PROBLEM TO SOLVE >>
From the material below, return exactly the lines starting at the one that holds "Oslo Ottoman Divan Bed" and ending at the one that holds "Мини-циркулярная пила Makita HS300DZ". Pictures stay out of the answer.

--- DATA PROVIDED Enclosed Below ---

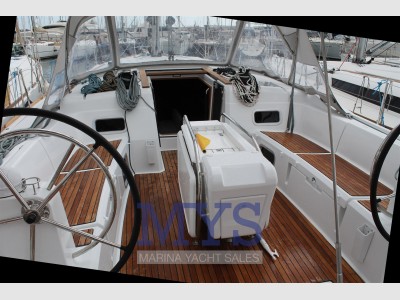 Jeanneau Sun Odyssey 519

--- End of Enclosed DATA PROVIDED ---
--- DATA PROVIDED Enclosed Below ---

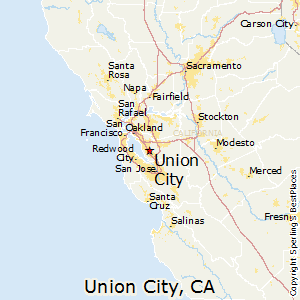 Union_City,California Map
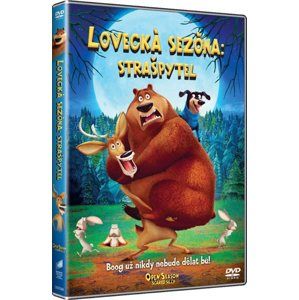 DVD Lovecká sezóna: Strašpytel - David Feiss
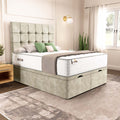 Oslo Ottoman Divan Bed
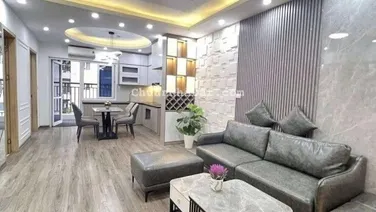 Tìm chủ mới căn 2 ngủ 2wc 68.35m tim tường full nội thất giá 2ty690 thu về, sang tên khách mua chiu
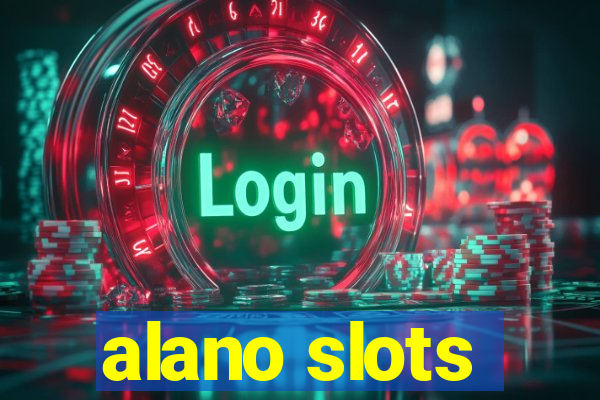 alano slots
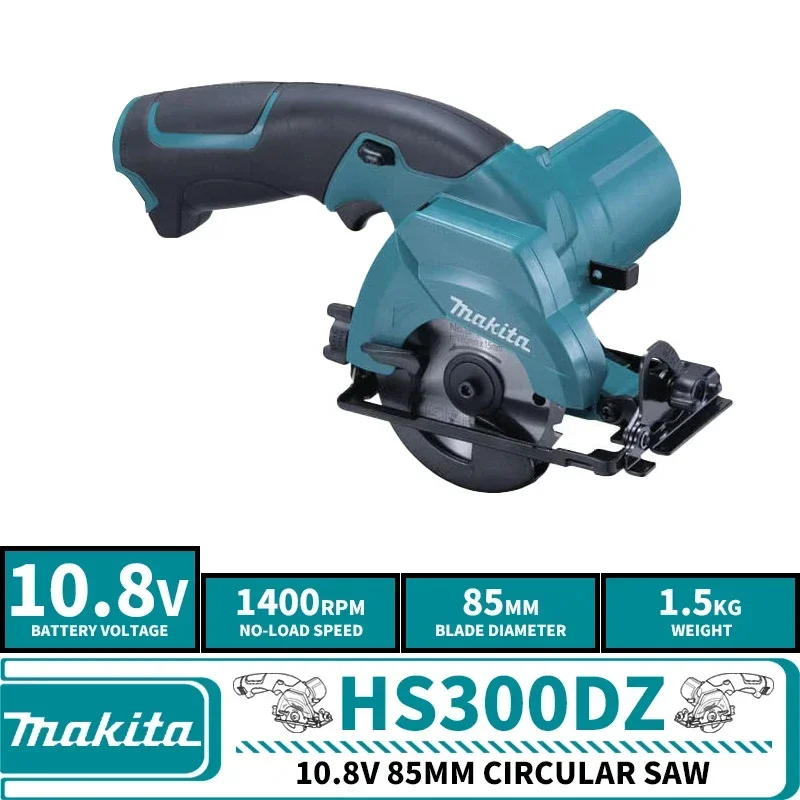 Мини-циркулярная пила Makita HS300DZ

--- End of Enclosed DATA PROVIDED ---

SOLUTION TO THIS EXERCISE >>
 Oslo Ottoman Divan Bed
 Tìm chủ mới căn 2 ngủ 2wc 68.35m tim tường full nội thất giá 2ty690 thu về, sang tên khách mua chiu
 alano slots
 Мини-циркулярная пила Makita HS300DZ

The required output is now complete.